Lawrence Rosen   ●  3001 King Ranch Road, Ukiah, CA 95482  ●  707-485-1242

Michael B. Einschlag   ●  25680 Fernhill Drive, Los Altos Hills, CA 94024  ●  650-949-2267


Q:  Which open source license should I use for my software?

OK, I’ll admit it, I wrote this question myself because I’ve been asked it so many times I wanted to see it answered in print.  As an attorney for open source companies and projects, I am often requested to select a license (or to bless my client’s selection) from among the OSI approved open source licenses.  [All the licenses described here are listed on the OSI website at www.opensource.org.]

The question I asked above puts the cart before the horse.  What drives the license selection process is the client’s business strategy, and not the other way around.  Here is how the issue should really be addressed:

·         Do you intend to make money from licensing the software or from providing ancillary services like installation and training?  There’s nothing illegal about using a proprietary software license if that’s what your business model dictates.  Of course, as an advocate of open source, I’d try to convince you that there are many advantages to non-proprietary business models -- but the client is the one to make the final decision. 

·         What degree of freedom are you willing to grant to your licensees to modify your software?  There are open source licenses (e.g., BSD-type) that impose virtually no restrictions on licensees; they can modify the licensed software and create proprietary versions without restriction.  There are other open source licenses (e.g., GPL-type, more typically known as “free software” licenses) that require the licensee’s modifications to be licensed back under that same license; this “inheritance” characteristic is an advantage if you want your licensees to have to reciprocate if they benefit from your contribution to the community.  There are still other open source licenses (e.g., MPL-type) that impose an intermediate level of freedom; modifications to individual files containing licensed code must be licensed back, but new files that merely work with the licensed code need not be.

·         Are you willing to grant warranties that the software will be “merchantable” or “fit for a particular purpose”?  If your software is royalty-free, you probably can’t afford a warranty.  On the other hand, you may want to charge for your open source software and use the profits to provide a warranty and other forms of service.

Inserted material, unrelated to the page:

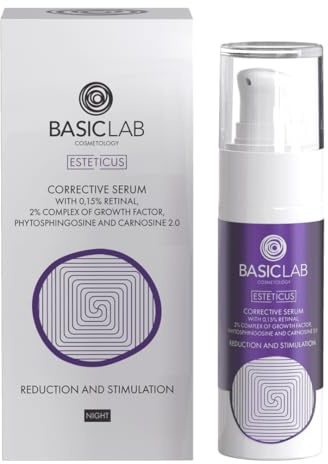 BasicLab Dermocosmetics BasicLab Korrigierendes Gesichtsserum mit Retinal | 30 ml | Anti-Falten, Anti-Akne, Nacht, Für Frauen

·         Is your software so well known that the main asset you need to protect is your trademark rather than your code?  An excellent example of this is Apache.  Their license allows you to do almost anything you want with the Apache code, but you’ll have to change the name.  For example, I can’t imagine anyone wanting to buy Larry’s Webserver, even if it works just like Apache.  If you have a trademark to protect, make sure your license contains appropriate terms relating to that.

·         Have you considered the possibility of dual licensing?  The owner of a copyright in a software program always has the option to use multiple licenses.  For example, you may want to license your software under the GPL and simultaneously provide a proprietary version for those of your customers who are afraid of the GPL’s inheritance features; that unreasonable fear can be treated as a revenue opportunity.

·         Have you considered using different licenses for different parts of your software?  For example, client software might be distributed under an MPL-like license, but server software might be distributed under a proprietary license.  That way, you could make money from the bigger customers that will pay to license your server software, and simultaneously build a large customer base with free client software.

·         What is it about your software that you are really trying to protect?  Is it the code itself, or the standards that are implemented using that software?  A license like SISSL allows anyone to fork the licensed code, but if they do they must publish a reference implementation of their modifications so that the standard cannot be abducted and changed by another company. 

·         Are there any patents that relate to your software?  If so, you will have to consider licensing your patents along with your code.  You may also want retaliate against any licensee who takes your free software and then turns around and sues you for patent infringement.  Various licenses on the OSI approved license list take different approaches to this problem.  Some include a strong retaliation clause, others a weaker version that may be less threatening to customers with a large patent portfolio.

This is not an exhaustive list of considerations.  You and your attorney should understand your business situation thoroughly before you decide on a license.

Even after you answer these questions, you will still need to decide whether to invest in the attorney resources to create your own license, or simply have your attorney modify an existing license to meet your needs.  If you write your own, your attorney will be able to tailor your license to your unique business requirements.  On the other hand, modifications to an existing license may be sufficient.  Only an attorney familiar with your business is qualified to advise you. 

Remember that your business objectives guide the choice of license.  An attorney whose first words to you are “use this license” is the wrong horse to pull your cart.